Portnow – what a pud. What if “what’s in his heart” is an all-singing, all-dancing tribute to pederasty, Neil? Will you be digging that?
Regarding the trial, it appears a number of celebrities will be involved. Jackson’s attorney, Thomas J. Mesereau Jr., told prospective jury members that the defense witness list includes Kobe Bryant (no comment), Elizabeth Taylor, David Blaine, Ed Bradley, Nick Carter and relatives of Marlon Brando.
Prosecution plans include former child stars and Jackson cronies Macaulay Culkin, Emmanuel Lewis, and Corey Feldman, who spoke about his relationship with Jackson on last Friday’s 20/20:
- Feldman said speaking out has finally become a responsibility and a duty. “This child — if he’s telling the truth — and the other children like him — if they’re telling the truth — they’re small voices, they’re weak voices,” he said.
Feldman said he hopes the allegations against Jackson are proved false, but said he feels compelled to speak out. “So I’m here to say I hope and I pray that these things never happened, and if they never happened, then there’s some real sickness with a lot of people. But if they did happen, then there’s a lot of sickness with one person. And that person needs to be punished.”
Feldman stressed in his interview with Bashir that Jackson never molested him or touched him improperly and that there was no sexual contact between them. But he said he has re-evaluated his friendship with Jackson and has concluded that there were things that happened in their relationship that were inappropriate and wrong.
“If you consider it inappropriate for a man to look at a book of naked pictures with a child that’s 13 or 14 years old — then your answer would be yes.”

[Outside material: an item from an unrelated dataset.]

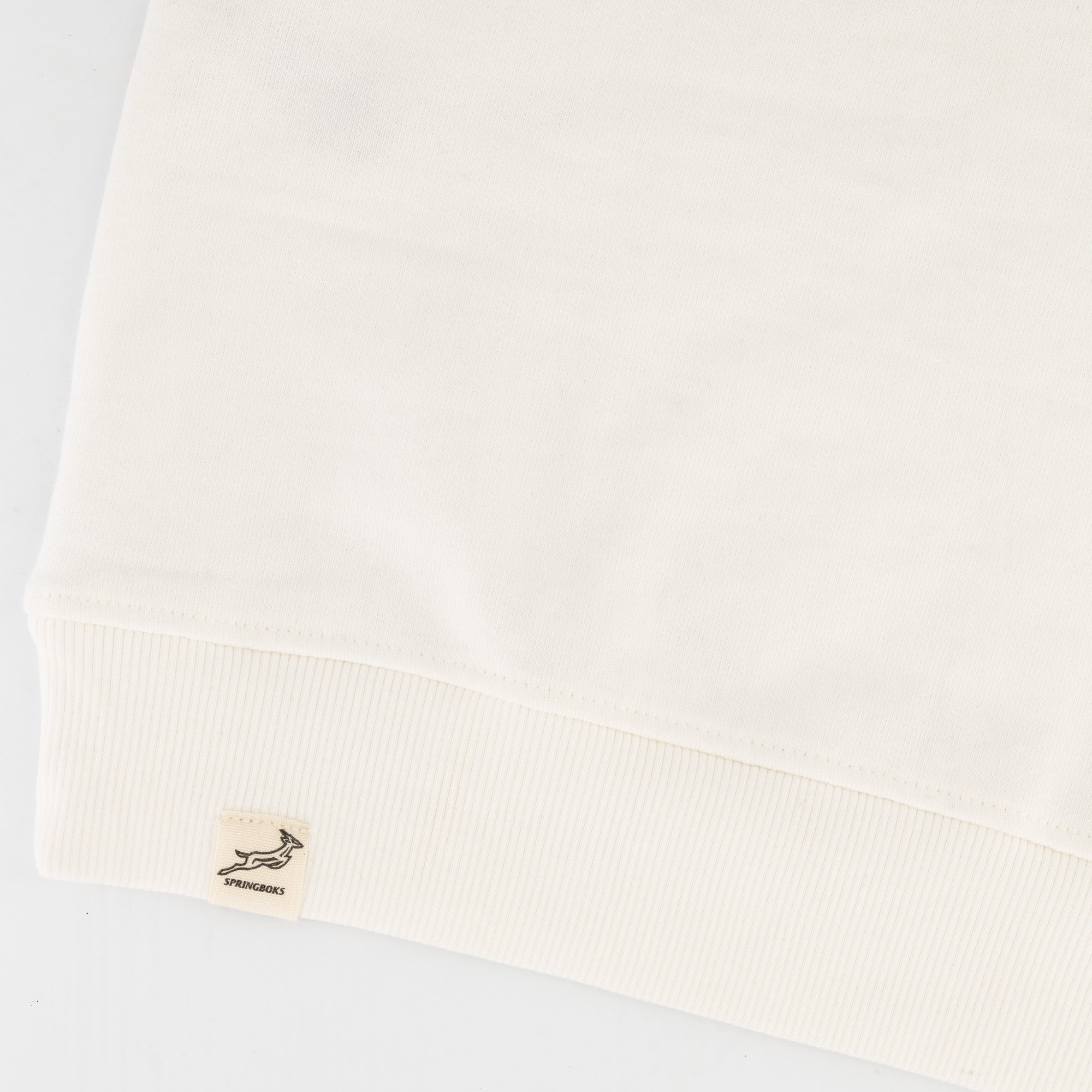 Springboks Classic Hoop Quarter Zip-Cloud Dancer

Feldman says he had such an encounter at Jackson’s home when he says they stopped there on the way to Disneyland. “We went to his apartment, and I noticed a book that he had out on his coffee table. The book contained pictures of grown men and women naked. And the book was focused on venereal diseases and the genitalia.” Feldman said the singer sat down with him and explained the photos to him.
Feldman said, “I was kind of grossed out by it. I didn’t think of it as a big deal. And for all these years, I probably never thought twice about it … But in light of recent evidence … I have to say that if my son was 14 years old — 13 years old, and went to a man’s apartment that was 35, and I knew that they were sitting down together talking about this, I would probably beat his ass.”
In fairness it should be noted that the former teen actor known for roles in Gremlins, The Goonies, Stand by Me, The Lost Boys, and The ‘Burbs is not without an ax to grind. Feldman, who supported Jackson against the 1993 molestation claims, became bitter when Jackson, who was in NYC on 9/11/01, helped Marlon Brando, Elizabeth Taylor and Liza Minnelli get out of town, but not him.
Feldman expressed himself with the song, “Megalo Man,” on his 2002 album Former Child Actor: “I believed in your words/I believed in your lies/But in September in New York/You left me to die/I love you, Megalo Man.”